Die Ohnmacht eines Vaters, der seinem Sohn nicht helfen kann und der, wohin er sich auch hilfesuchend wendet, immer nur Ohnmacht findet.

Der Anfang

Es beginnt kurz nach einem Lehrerwechsel in Tims Klasse. Langsam, kaum merklich, wird danach Tim ein anderer Junge. Ein Jahr lang sehen seine Eltern die Zeichen, aber können sie nicht deuten.

Jede Woche schneidet Tims Mutter ihm die Zehennägel. Dabei bemerkt sie immer wieder blaue Flecken auf seinen Schienbeinen. Sie fragt ihn, woher die Flecken kommen. Und er sagt: «Ach, nur vom Turnen, das ist nichts.»

Tim ist ein sportlicher Junge – da gehören ein paar blaue Flecken wohl dazu, denken sich Herr Widmer und seine Frau.

Die Früherkennung von Mobbing bleibt schwierig.

«Einmal fragte er uns auch, ob er eigentlich ein hässliches Kind sei», erzählt Herr Widmer. «Da fanden wir beide: ‹He hallo, wie kommst du darauf?› Und er meinte: ‹Die anderen sagen das.›»

Seine Eltern sagten ihm: «Du musst dir eine dicke Haut zutun. Fokussier dich auf den Unterricht, ignorier die anderen.» Herr Widmer sagt: «Wir haben zu spät gemerkt, dass das nichts brachte. Die anderen haben ihn eben nicht ignoriert.»

“Tim hat gut versteckt, was wirklich los war.”

Im Nachhinein machen Tims Eltern sich Vorwürfe. Nie wirkt Herr Widmer im Gespräch so traurig, wie wenn er vor seiner frühen Ahnungslosigkeit spricht. «Tim hat gut versteckt, was wirklich los war», sagt er. «Erst als es eskalierte, brach alles aus ihm heraus.»

Der Fall von Tim ist darin typisch. Denn Mobbing in Schulen ist gleichzeitig verborgen und allgegenwärtig. Seit Jahrzehnten werden Lehrer, Sozialarbeiterinnen, Psychologen und Polizistinnen darauf angesetzt. Und doch bleibt die Früherkennung schwierig.

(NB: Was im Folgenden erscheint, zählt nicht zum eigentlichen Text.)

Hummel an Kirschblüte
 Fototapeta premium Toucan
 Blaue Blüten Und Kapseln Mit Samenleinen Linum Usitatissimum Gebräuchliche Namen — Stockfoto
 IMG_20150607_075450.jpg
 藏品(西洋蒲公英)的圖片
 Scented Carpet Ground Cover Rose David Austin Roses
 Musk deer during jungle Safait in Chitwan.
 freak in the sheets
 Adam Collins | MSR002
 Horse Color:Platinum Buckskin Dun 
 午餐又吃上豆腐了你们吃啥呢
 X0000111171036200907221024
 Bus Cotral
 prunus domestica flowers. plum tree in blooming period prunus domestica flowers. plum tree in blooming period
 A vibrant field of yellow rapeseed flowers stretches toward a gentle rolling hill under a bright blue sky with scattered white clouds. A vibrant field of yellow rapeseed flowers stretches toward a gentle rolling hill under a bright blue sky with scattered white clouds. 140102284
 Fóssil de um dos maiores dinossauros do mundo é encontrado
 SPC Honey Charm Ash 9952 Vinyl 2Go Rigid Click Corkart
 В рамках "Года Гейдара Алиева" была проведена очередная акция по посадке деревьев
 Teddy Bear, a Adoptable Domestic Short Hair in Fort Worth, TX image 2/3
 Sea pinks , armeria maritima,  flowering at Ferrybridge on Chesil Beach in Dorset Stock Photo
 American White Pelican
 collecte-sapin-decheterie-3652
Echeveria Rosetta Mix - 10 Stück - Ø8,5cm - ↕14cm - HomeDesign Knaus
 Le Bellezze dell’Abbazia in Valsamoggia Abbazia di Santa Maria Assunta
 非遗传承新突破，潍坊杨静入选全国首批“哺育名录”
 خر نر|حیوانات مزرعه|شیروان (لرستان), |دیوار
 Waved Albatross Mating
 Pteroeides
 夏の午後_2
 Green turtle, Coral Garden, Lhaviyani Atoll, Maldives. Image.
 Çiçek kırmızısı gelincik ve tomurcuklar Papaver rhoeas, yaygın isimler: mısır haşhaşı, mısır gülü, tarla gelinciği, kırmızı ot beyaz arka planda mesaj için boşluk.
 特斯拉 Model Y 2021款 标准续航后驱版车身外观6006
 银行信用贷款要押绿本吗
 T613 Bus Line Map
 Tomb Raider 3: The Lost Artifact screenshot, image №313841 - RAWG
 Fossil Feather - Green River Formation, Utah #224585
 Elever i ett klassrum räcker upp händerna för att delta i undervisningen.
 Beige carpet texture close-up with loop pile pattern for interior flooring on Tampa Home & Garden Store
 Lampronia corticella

Meist beginnt Mobbing subtil. Es ist ein Ausprobieren, ein Austesten von physischer und psychischer Gewalt. Wie weit kann ich gehen, ohne bestraft zu werden? Wie bringe ich andere dazu, mitzumachen? Wie ist es, von einem anderen Menschen gefürchtet zu werden?

Oft sind Mobbing-Täter dabei in anderen Konstellationen selbst die Opfer. Leiden zu Hause zum Beispiel unter einem patriarchalen Erziehungsstil oder stehen unter hohem Leistungsdruck.

Besonders anfällig für Mobbingfälle sind jene Momente, in denen sich die Dynamik einer Schulklasse ändert – bei einem Übertritt etwa oder einem Lehrerwechsel. So erklärte es die Sozialwissenschafterin Melanie Wegel von der Zürcher Hochschule für Angewandte Wissenschaften kürzlich im Gespräch mit der NZZ. Wenn sich dann neue Gruppen bilden, kann Gewalt oder Herabwürdigung zum Mittel werden, um sich voneinander abzugrenzen und untereinander zu beweisen.

Je später das bemerkt wird, desto schwieriger ist es, die Dynamik einer Schulklasse wieder zu ändern. Kommt ein Mobbing-Fall erst bei einer Eskalation aufs Radar von Eltern und Schule, ist das oft zu spät.

Die Eskalation

Ein Jahr nach den ersten Warnzeichen wird Tim auf dem Pausenplatz zusammengeschlagen. Er hat beim Fussball ein Tor reingelassen, daraufhin stossen ihn zwei Klassenkameraden zu Boden und treten ihn.

Als er das seinem Vater erzählt, sagt Herr Widmer zu ihm: «Wenn sie dich noch einmal plagen und dich niemand schützt, läufst du einfach davon und kommst nach Hause.» Und das tut Tim dann auch.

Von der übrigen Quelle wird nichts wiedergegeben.